Some more S3C24xx NAND speed observations
I've now moved on to other topics, but I still want to mention some of my thoughts on the still quite poor NAND performance on the GTA02 (and generally, the S3C24xx).
It seems like we are down to a point where the CPU is 100% busy reading from NAND, which is odd. Why would reading from a mass storage device make the CPU so busy? Well, because Samsung "forgot" to add DMA support to all of their integrated NAND controllers, from the old 2410 through the 2440, 2442, 2443 and up to the shiny new 6410, all the NAND controllers don't support DMA. In fact, they don't even have a FIFO or some kind of internal buffer for the received data. This is really weird, considering the facts that
- every other peripheral (SD/MMC, SPI, UART, ...) can use DMA
- Samsung as provider of both NAND flash and SoC should be experts in providing good flash performance
- I cannot see any strong architectural limitation. The data is read into a register. The register should be replaced with a FIFO, and a DMA can regularly read from that register or FIFO and put it somewhere else into memory. It's not any different from e.g. SPI or UART DMA.
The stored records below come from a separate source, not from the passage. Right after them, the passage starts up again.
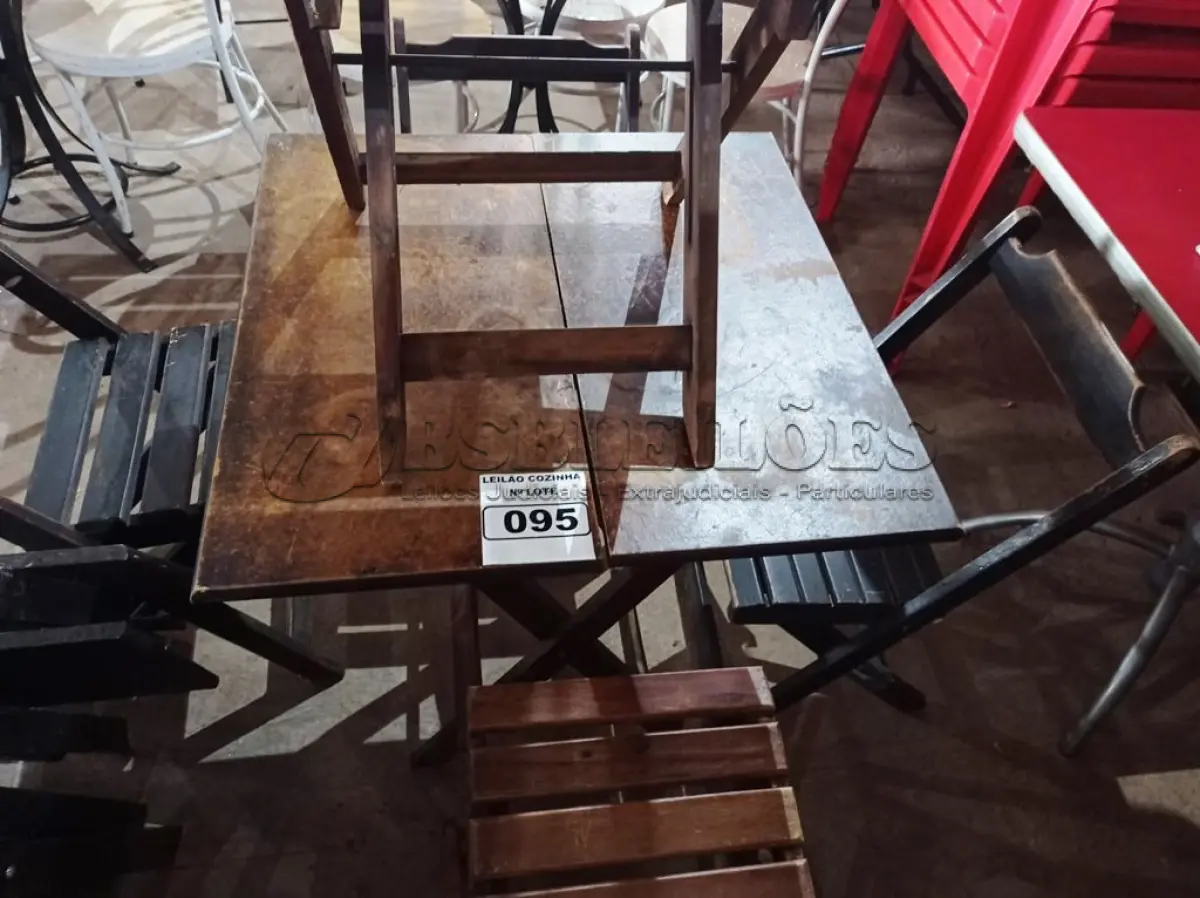 LOTE 095 - 01 MESA DE MADEIRA DOBRÁVEL COM 05 CADEIRAS. (NO ESTADO, NÃO SABEMOS SE FUNCIONA. LEILÃO NÃO TEM GARANTIA E NEM DEVOLUÇÃO).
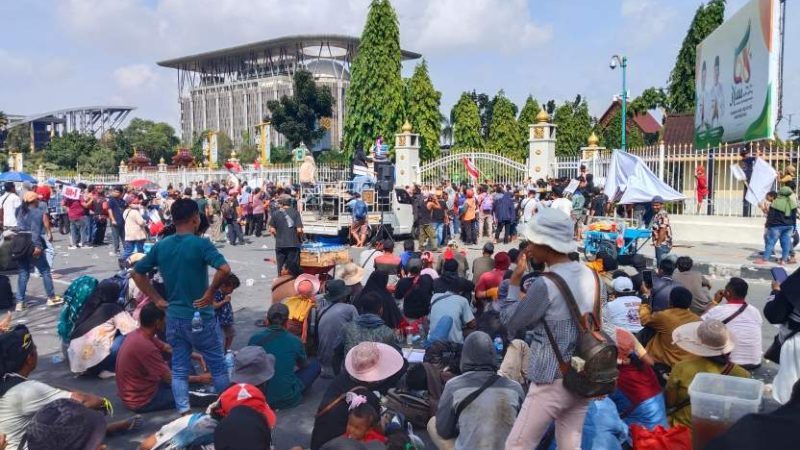 Ribuan Masyarakat Kawasan TNTN Gelar Aksi Damai Jilid II ke Kantor Gubernur Riau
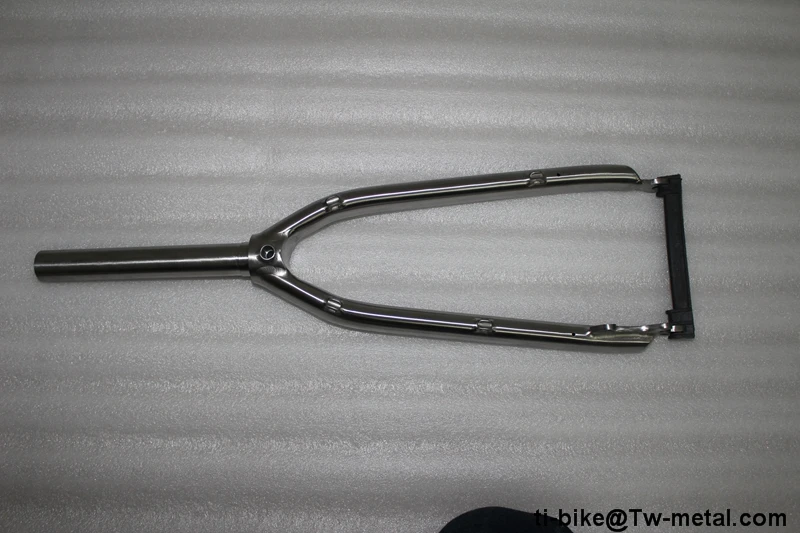 Best China made titanium recumbent bike frame and fork, custom titanium recumbent bicycle fork frames, cheap titanium recumbent frame 4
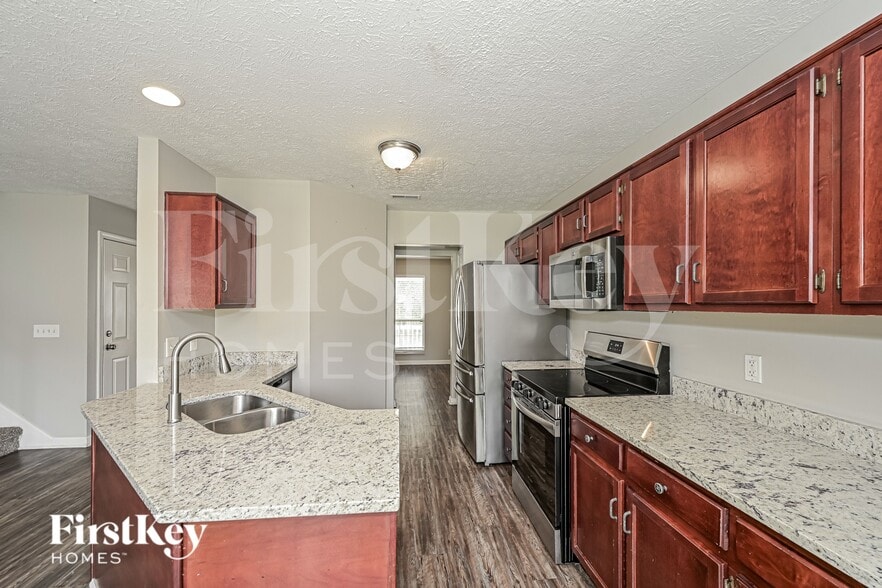 Building Photo - 6005 Monroe Crossing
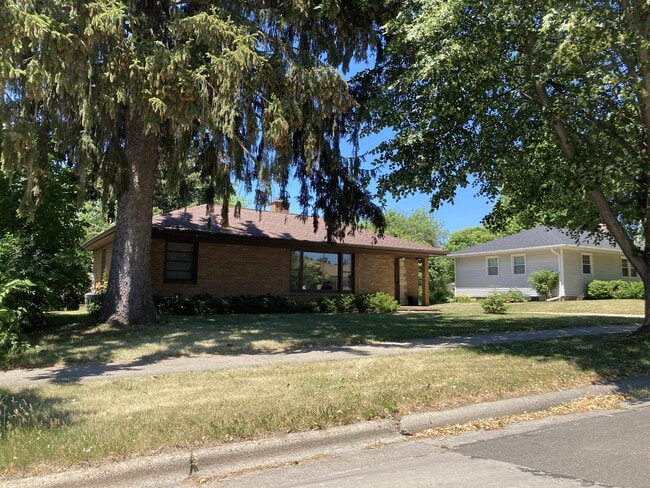 Building Photo - 418 S Owen Dr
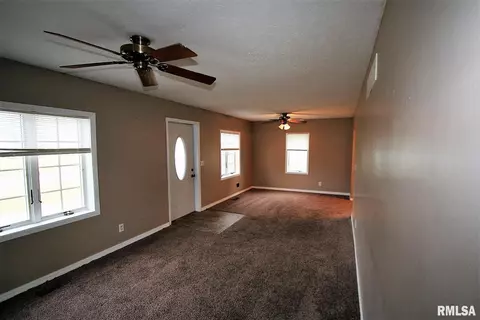 101 E 2nd St, Mackinaw, IL 61755 photo 3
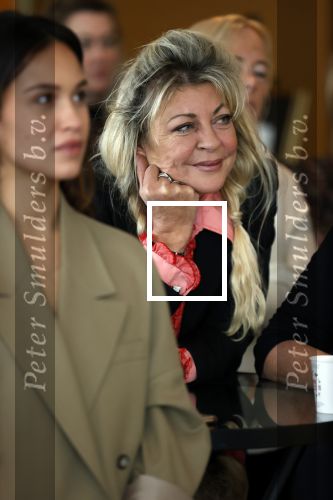 Amsterdam 5 november 2021
Slaan van Munt Herman Brood ivm 75e verjaardag. Zijn vrouw Xandra en dochters Holly Lola en Brenda  zijn natuurlijk aanwezig. Manuela Kemp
In the current mainline Linux driver for S3C2440 NAND, we busy-wait (poll) for completion of the read request. This is of course sub-optimal. I implemented a version that uses the Read/Busy line IRQ and a 'struct complation' based mechanism and to my big surprise the CPU usage and throughput was identical. It seems like that NAND flash in the GTA02 is fast enough to max out the CPU.
So probably all that can be done is to optimize the actual code that is executed during the NAND read. It might be worth implementing some small hand-optimized assembly implementation as standalone code (not using the existing driver) to see how far the hardware can actually go.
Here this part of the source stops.